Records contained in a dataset
--*--
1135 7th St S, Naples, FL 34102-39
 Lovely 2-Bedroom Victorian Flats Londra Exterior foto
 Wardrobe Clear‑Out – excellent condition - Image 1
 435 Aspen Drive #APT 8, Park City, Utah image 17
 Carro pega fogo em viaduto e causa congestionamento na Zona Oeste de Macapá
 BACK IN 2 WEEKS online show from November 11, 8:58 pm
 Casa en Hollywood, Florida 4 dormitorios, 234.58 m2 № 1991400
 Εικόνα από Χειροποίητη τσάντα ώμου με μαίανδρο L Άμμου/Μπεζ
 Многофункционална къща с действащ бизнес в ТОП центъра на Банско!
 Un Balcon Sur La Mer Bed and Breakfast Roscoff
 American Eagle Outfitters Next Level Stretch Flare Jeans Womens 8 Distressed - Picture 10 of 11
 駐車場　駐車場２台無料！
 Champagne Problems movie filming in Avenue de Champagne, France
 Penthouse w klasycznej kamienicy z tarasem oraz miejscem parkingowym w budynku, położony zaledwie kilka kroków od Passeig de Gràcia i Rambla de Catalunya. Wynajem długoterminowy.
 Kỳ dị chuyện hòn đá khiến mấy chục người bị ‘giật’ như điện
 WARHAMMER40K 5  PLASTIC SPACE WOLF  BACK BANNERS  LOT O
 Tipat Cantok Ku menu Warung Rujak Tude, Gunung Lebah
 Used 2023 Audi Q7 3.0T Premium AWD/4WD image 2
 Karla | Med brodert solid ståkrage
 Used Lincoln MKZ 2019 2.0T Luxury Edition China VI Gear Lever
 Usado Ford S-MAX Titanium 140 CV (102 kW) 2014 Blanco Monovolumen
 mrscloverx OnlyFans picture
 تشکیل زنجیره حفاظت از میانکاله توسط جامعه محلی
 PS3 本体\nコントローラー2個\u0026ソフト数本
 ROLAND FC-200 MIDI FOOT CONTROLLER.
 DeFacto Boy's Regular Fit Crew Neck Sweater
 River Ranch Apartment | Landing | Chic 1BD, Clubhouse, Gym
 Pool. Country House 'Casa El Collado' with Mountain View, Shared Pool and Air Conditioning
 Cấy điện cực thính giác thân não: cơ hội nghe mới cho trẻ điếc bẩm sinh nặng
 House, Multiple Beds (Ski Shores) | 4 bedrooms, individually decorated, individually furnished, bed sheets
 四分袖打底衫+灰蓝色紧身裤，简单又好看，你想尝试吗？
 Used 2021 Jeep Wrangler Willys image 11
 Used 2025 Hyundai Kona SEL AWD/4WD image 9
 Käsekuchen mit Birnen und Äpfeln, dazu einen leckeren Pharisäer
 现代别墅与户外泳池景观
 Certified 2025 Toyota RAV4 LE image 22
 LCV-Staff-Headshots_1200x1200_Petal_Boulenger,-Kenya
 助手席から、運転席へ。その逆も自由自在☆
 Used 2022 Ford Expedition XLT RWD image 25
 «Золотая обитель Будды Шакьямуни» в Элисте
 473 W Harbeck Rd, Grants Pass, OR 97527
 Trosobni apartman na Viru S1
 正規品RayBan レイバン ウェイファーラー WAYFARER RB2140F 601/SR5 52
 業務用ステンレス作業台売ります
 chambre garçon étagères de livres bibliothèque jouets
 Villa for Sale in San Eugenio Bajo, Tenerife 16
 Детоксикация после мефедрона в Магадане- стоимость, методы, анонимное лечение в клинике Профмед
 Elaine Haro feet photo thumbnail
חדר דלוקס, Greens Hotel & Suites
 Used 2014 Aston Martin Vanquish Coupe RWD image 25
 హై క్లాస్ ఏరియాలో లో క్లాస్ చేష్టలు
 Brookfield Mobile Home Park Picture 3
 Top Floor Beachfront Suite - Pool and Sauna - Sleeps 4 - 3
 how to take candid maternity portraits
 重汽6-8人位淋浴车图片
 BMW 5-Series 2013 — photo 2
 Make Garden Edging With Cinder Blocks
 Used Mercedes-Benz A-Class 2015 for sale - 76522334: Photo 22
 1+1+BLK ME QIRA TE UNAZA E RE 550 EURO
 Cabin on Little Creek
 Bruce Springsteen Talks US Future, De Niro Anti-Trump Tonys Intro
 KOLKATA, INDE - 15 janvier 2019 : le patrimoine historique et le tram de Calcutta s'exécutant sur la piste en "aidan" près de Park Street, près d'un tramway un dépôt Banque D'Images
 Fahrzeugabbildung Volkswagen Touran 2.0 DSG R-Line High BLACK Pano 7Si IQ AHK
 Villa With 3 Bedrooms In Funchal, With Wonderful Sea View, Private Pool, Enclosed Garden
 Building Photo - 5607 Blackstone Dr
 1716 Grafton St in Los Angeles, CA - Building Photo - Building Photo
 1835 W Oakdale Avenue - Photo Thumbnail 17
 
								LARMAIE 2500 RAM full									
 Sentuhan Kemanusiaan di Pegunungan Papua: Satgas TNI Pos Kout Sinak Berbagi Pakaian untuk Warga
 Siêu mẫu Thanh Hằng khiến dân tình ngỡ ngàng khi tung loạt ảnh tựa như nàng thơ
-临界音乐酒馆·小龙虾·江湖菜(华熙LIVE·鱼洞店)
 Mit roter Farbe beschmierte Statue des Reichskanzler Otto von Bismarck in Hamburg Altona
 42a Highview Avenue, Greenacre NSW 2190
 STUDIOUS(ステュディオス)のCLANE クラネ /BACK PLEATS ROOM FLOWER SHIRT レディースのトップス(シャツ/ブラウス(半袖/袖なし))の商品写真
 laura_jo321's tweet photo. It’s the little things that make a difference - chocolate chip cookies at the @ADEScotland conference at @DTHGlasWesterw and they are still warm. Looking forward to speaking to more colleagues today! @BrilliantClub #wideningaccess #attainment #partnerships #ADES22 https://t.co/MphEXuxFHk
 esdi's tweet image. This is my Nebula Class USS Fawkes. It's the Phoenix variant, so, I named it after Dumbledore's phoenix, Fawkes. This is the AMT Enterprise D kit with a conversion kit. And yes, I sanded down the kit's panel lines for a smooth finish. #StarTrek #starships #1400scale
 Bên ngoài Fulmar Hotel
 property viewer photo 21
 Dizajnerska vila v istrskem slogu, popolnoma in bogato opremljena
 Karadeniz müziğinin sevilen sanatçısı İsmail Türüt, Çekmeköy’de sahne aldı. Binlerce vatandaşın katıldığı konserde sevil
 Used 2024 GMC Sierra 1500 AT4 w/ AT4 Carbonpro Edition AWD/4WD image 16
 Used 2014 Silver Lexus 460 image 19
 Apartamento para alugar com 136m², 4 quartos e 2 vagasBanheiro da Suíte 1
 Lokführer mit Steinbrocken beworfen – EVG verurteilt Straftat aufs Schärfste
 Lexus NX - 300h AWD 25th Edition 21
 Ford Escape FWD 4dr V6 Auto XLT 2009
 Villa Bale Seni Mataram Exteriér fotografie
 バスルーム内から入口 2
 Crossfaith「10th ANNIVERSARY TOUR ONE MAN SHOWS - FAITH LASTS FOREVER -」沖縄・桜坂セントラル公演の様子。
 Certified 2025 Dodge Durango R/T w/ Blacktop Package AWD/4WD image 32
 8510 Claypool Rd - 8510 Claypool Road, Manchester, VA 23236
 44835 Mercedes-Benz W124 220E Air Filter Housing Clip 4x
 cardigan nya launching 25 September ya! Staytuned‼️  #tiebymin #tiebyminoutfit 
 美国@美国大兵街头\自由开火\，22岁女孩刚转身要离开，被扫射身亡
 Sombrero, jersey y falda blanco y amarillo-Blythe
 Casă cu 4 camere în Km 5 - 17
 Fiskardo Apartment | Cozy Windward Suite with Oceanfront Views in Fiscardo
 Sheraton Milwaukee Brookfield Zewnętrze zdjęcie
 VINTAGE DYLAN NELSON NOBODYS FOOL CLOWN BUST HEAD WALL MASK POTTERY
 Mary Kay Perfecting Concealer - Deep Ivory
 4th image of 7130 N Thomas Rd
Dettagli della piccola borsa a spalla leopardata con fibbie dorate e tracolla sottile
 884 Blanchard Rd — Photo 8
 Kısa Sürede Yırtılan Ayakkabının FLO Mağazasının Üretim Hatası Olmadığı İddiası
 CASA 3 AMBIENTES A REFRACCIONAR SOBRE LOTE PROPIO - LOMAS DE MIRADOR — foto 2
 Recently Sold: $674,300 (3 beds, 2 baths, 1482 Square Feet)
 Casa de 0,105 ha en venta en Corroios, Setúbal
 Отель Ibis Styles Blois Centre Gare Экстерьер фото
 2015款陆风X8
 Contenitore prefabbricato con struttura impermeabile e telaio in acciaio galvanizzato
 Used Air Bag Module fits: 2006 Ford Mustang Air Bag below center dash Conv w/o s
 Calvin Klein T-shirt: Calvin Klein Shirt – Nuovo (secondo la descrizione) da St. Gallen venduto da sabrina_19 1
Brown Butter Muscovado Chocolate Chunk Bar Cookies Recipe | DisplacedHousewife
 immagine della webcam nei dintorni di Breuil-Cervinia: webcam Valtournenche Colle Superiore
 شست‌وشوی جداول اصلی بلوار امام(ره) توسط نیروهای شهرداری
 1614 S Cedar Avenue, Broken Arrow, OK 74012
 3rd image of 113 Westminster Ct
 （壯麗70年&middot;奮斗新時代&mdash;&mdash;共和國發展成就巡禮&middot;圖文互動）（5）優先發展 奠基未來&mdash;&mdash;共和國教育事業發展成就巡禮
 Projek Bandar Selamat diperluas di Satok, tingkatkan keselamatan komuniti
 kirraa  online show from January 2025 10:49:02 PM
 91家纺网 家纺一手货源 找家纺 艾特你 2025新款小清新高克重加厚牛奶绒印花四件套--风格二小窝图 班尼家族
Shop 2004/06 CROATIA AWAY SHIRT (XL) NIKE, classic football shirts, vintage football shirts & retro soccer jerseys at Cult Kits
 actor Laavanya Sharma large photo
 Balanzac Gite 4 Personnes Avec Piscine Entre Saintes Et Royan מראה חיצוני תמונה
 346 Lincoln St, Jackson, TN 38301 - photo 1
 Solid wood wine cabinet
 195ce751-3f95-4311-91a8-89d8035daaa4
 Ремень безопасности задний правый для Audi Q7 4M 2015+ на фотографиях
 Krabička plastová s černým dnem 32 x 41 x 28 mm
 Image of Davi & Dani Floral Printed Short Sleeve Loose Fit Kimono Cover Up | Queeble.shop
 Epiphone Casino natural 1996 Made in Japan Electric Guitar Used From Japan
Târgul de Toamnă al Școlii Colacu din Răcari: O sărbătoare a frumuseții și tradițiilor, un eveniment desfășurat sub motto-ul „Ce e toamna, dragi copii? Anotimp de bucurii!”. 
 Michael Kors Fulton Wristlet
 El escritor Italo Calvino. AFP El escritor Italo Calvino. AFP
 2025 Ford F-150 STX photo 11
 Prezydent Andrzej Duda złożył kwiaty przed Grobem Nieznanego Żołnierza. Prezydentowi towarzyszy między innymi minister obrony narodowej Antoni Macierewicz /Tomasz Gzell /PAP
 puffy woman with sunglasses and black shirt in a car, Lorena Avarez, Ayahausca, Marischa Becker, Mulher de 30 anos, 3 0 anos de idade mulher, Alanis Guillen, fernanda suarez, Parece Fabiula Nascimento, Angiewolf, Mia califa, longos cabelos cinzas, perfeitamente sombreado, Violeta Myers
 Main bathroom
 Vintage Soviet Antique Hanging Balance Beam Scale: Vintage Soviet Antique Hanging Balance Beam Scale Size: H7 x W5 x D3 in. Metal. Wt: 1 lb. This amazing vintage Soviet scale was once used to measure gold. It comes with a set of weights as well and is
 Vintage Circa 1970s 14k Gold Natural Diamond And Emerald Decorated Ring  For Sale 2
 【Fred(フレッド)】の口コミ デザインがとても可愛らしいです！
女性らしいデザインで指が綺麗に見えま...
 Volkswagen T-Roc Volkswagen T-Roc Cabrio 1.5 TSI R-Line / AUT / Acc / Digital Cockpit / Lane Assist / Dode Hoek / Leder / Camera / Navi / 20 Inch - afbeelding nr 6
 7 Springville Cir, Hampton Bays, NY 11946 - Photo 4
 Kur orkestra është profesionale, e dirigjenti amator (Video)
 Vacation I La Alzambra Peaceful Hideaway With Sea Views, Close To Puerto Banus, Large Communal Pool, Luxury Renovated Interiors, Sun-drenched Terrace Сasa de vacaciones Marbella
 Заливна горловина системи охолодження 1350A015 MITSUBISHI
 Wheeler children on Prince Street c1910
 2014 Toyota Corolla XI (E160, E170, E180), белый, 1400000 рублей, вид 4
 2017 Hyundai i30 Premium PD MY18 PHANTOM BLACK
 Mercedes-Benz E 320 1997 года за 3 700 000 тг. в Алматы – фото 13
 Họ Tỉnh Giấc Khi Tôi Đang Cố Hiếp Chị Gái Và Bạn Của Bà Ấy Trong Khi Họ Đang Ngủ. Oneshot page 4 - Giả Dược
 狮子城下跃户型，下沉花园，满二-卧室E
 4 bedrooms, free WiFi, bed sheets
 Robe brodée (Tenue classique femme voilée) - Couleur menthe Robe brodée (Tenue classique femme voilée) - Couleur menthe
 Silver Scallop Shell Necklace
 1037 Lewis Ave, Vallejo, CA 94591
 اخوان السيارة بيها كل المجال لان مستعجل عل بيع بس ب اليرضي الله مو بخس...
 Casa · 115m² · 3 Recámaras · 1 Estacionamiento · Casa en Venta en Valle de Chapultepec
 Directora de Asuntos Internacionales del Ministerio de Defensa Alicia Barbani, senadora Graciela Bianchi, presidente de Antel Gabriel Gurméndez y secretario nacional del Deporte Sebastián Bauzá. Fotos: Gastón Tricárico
--*--
Output only an exact transcription of the lines above from the one with "BACK IN 2 WEEKS" up to and including the one with "Un Balcon Sur".

**Task output:**
 BACK IN 2 WEEKS online show from November 11, 8:58 pm
 Casa en Hollywood, Florida 4 dormitorios, 234.58 m2 № 1991400
 Εικόνα από Χειροποίητη τσάντα ώμου με μαίανδρο L Άμμου/Μπεζ
 Многофункционална къща с действащ бизнес в ТОП центъра на Банско!
 Un Balcon Sur La Mer Bed and Breakfast Roscoff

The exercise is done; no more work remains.